That's it! Quite simple right? 

The only thing we need to do is to run the `build_image.sh` for all the reusable components.

Here we show the manual way to do it, but we recommend to just run `make build_pipeline_steps`.

In [34]:
%%bash
# we must be in the same directory
cd pipeline/pipeline_steps/clean_text/ && ./build_image.sh
cd ../data_downloader && ./build_image.sh
cd ../lr_text_classifier && ./build_image.sh
cd ../spacy_tokenize && ./build_image.sh
cd ../tfidf_vectorizer && ./build_image.sh

/home/alejandro/Programming/kubernetes/seldon/seldon-core/examples/kubeflow/pipeline/pipeline_steps/clean_text


---> Installing application source...
---> Installing dependencies ...
Looking in links: /whl
Collecting dill==0.2.9 (from -r requirements.txt (line 1))
Downloading https://files.pythonhosted.org/packages/fe/42/bfe2e0857bc284cbe6a011d93f2a9ad58a22cb894461b199ae72cfef0f29/dill-0.2.9.tar.gz (150kB)
Building wheels for collected packages: dill
Building wheel for dill (setup.py): started
Building wheel for dill (setup.py): finished with status 'done'
Stored in directory: /root/.cache/pip/wheels/5b/d7/0f/e58eae695403de585269f4e4a94e0cd6ca60ec0c202936fa4a
Successfully built dill
Installing collected packages: dill
Successfully installed dill-0.2.9
You should consider upgrading via the 'pip install --upgrade pip' command.
Build completed successfully


# Train ML Pipeline via Kubeflow
Now that we've built our steps, we can actually train our ML pipeline, which looks as follows:
![](img/kubeflow-seldon-nlp-ml-pipelines-training.jpg)

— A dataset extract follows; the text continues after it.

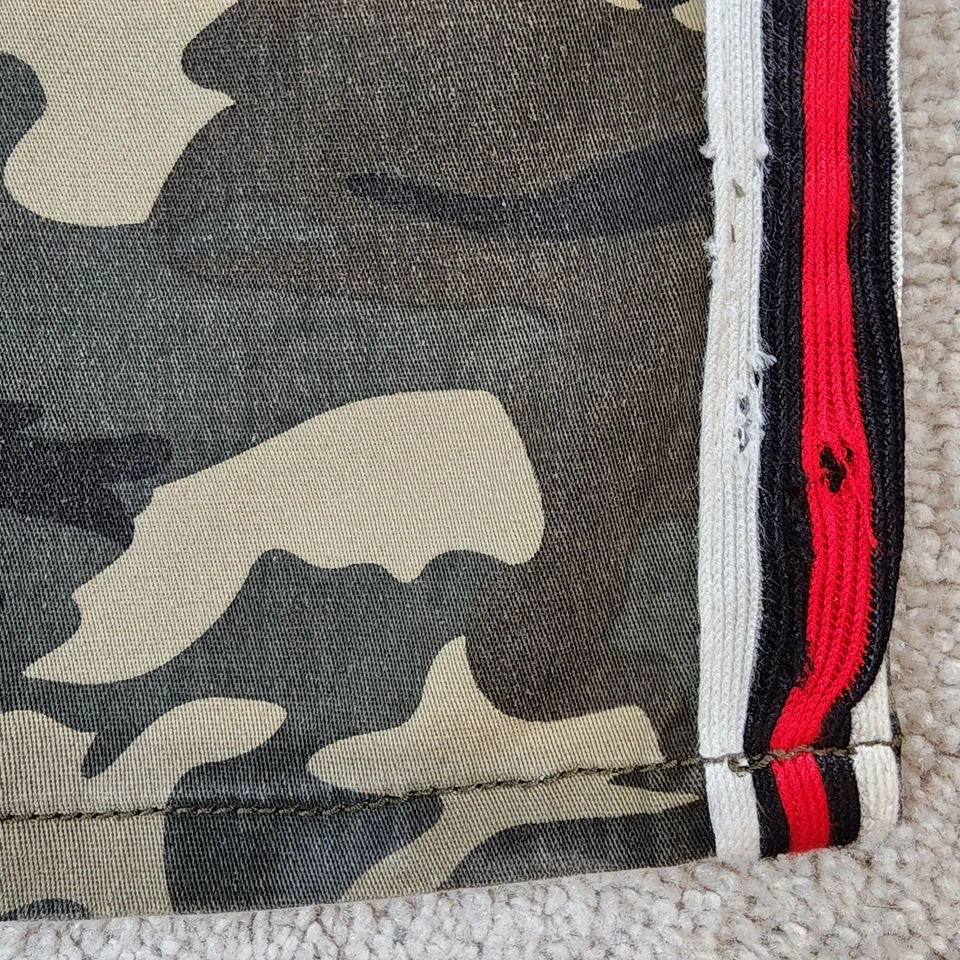 Jeans feminino Hot Kiss camuflagem skinny lírio listras laterais tamanho 13 - Imagem 2 de 4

To do this, we have to generate the workflow using our Kubeflow graph definition and then uplaoding it through the UI:

In [36]:
%%bash
# Generating graph definition
python train_pipeline/nlp_pipeline.py
ls train_pipeline/

nlp_pipeline.py
nlp_pipeline.py.tar.gz


We now need to upload the resulting `nlp_pipeline.py.tar.gz` file generated.

This can be done through the "Upload PIpeline" button in the UI at http://localhost/_/pipeline-dashboard

![](img/upload-pipeline.jpg)